Parlamentarier fordern nun also eine Gebühr für den Gotthardtunnel. Einer ihrer Wortführer ist der Urner Simon Stadler, der getrost als historischer Experte in dieser Angelegenheit betrachtet werden darf, hat Uri die Leventina doch schon in der Alten Eidgenossenschaft gepiesackt.

Wer durch den Gotthard fährt, soll zahlen. Wie am Brenner oder am Montblanc. Schweiz und gratis – Gegensätze geradezu grundsätzlicher Art.

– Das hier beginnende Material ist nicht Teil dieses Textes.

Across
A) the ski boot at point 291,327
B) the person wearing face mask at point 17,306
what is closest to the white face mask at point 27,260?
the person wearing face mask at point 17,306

Was also ist das Problem? Das Tessin!

Foto: Antje Berghaeuser

Der freisinnige Nationalrat Alex Farinelli stellt fest: «Wir Tessiner müssten eine Eintrittsgebühr für die übrige Schweiz zahlen.» Also lautet die Parole gegen eine Gotthard-Tunnelgebühr: «Das Tessin darf nicht diskriminiert werden.»

Dieser gut gemeinte Satz ist der falsche Satz.

Das Tessin ist zwar der Kanton der italienischsprachigen Kultur – Helvetiens «Sonnenstube», wie man den Süden des Landes leutselig zu preisen pflegt. Doch der liebliche Landesteil ist mehr als eine Destination für Feiertage und Ferien, viel mehr:

Das Tessin ist die Schweiz!

Am 12. September vor 175 Jahren wurde der Bundesstaat geschaffen, wie wir ihn heute leben: als mehrsprachige Nation, deren Sprachkulturen nicht nur gleichberechtigt sind, sondern auch gleichgewichtig:

Die deutschsprachige Schweiz ist die Schweiz, die französischsprachige Schweiz ist die Schweiz, die italienischsprachige Schweiz ist die Schweiz.
Eins zu eins zu eins.

Was wäre die Schweiz ohne die anderen Schweizen? Sie wäre nicht! Die Nation von 1848 ist undenkbar ohne ihre Sprachkulturen.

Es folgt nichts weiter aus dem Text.